カナダのカールトン大(Carleton University)電子工学科のジャック・アルベール教授(Jacques Albert)は、カナダ自然科学工学研究会議(NSERC)の戦略的計画助成金として46万2000ドルを獲得した。光ファイバをベースにした、光の周波数変換、非線形光学演算の新手法を開発するためである。
 目的は、交互構造ゲルマニウム(Ge)ドープ層のような周期的に分極する放射状構造をもつ、シリカベースのファイバを作り出すことである。これにより、ファイバは第二次高周波発生(SHG)を高効率で起こすことができる。このようなデバイスがファイバレーザと組み合わさると、全ファイバ可視レーザ源として利用できるとされている。バルク光学に基づいたSHGシステムは巨大なサイズや複雑さをもつが、それも解消されるとみられている。
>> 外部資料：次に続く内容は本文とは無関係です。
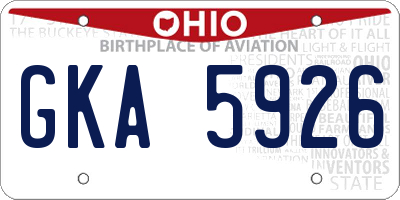 OH license plate GKA5926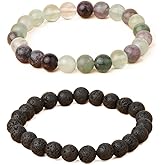 OAIITE 2Pcs 8mm Natural Semi-Precious Gemstones Bracelet Elastic Natural Stone Yoga Healing Crystals Beads Bracelet Bangle Set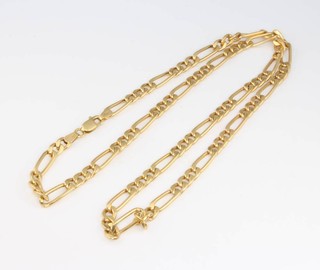 A 9ct yellow gold flat link necklace 7.1 grams, 46cm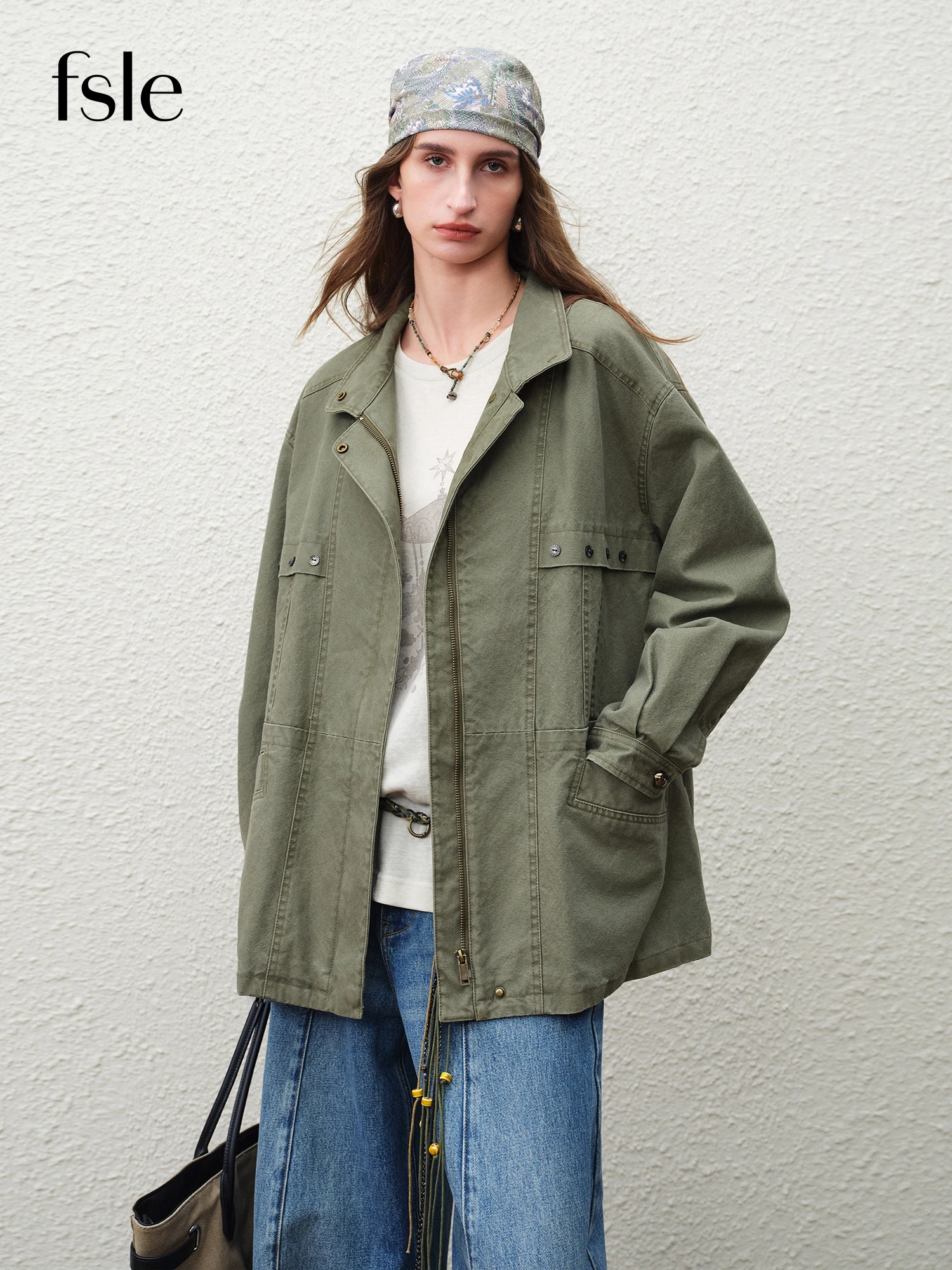 FSLE【Serie Premium】Chaqueta Corta Cargo Retro Vintage para Mujer, Primavera 2026, con Cuello Alto, Estilo Urbano Oversize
 アルベール教授と彼の共同研究者は、周期的に分極するシリカのミクロ構造、あるいはナノ構造を開発するための実験を、すでに多く行っている。過去4年間、平坦基板に交互ドーパント配列層からなる分極処理したシリカ構造をデザイン、製作し、そのパフォーマンスを測定してきた。事例を一つ挙げると、Geドープしたものとドープしないものとを交互に配置し、75nm層のシリカを重ねて3μmの厚さにしたものは、層状にしなかったサンプルの200倍の強さのSHGを発生させた。広く使われているニオブ酸リチウムと同等の光学非線形性をもつ構造である。
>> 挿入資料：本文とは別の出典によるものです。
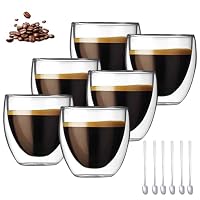 WDKXCN Latte Macchiato Gläser Doppelwandig, Espressotassen Set (6 x 80 ml) mit 6 Löffel, Espresso Gläser Doppelwandig, Espressogläser Set für Latte, Iced Americano, Milch, Bier – Ansicht 1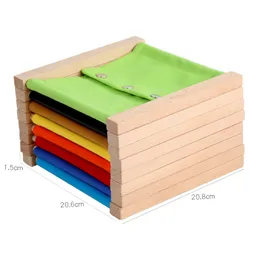 Kids Toy Montessori Baby Dressing Frame Practical Life Teaching Learning Educational Preschool Training Solid Wood with Cloth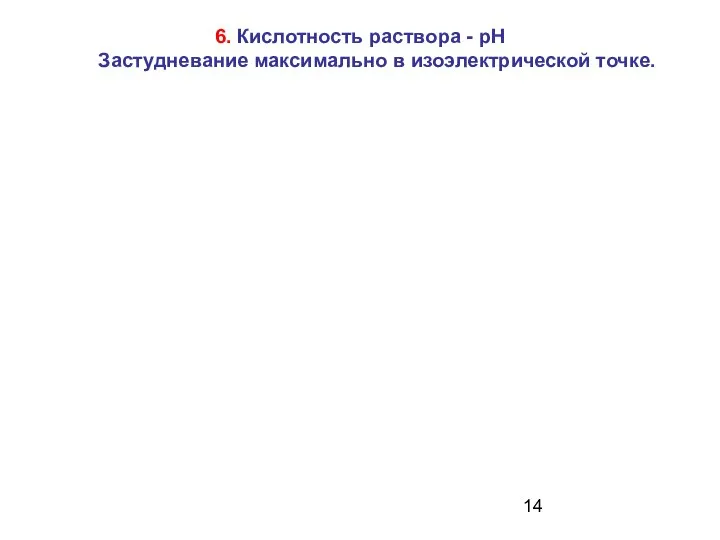 6. Кислотность раствора - рН Застудневание максимально в изоэлектрической точке.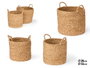 Giftdecor Lot de 2 Paniers Cylindriques avec Anses 32 x 34 x 32 cm Marron Algue (Set de 2)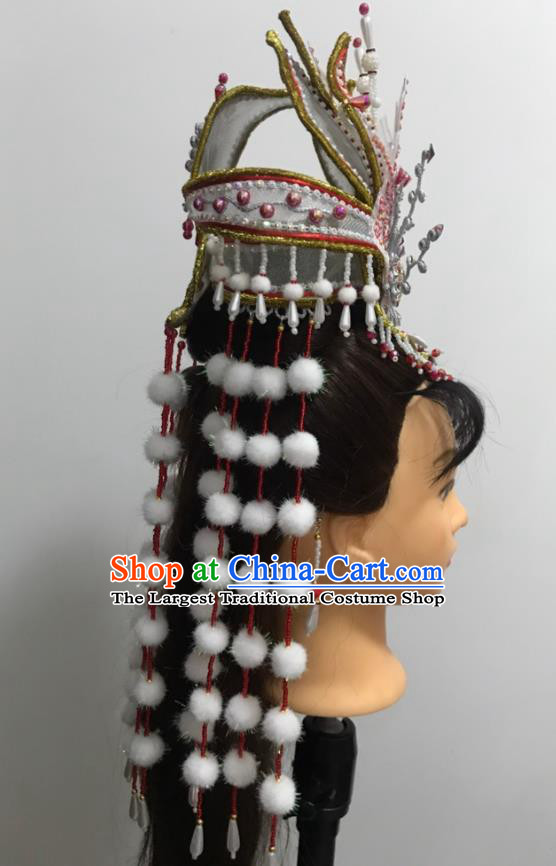 Chinese Traditional Beijing Opera Hua Tan Headdress Gezi Opera Princess Hair Accessories Peking Opera Actress Venonat Tassel Hair Crown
 カールトン大のグループは、この技術を活用し、平坦フィルムを作るというよりも、周期的に分極するシリカファイバとなる、放射状層のフィルムを生み出すことを目指している。そのようなファイバがあれば、容易にファイバレーザと継ぎ合わせることができる。これにより、アルベール教授の言う「近代のファイバレーザの進化における、次の論理的なステップ」が導かれるという。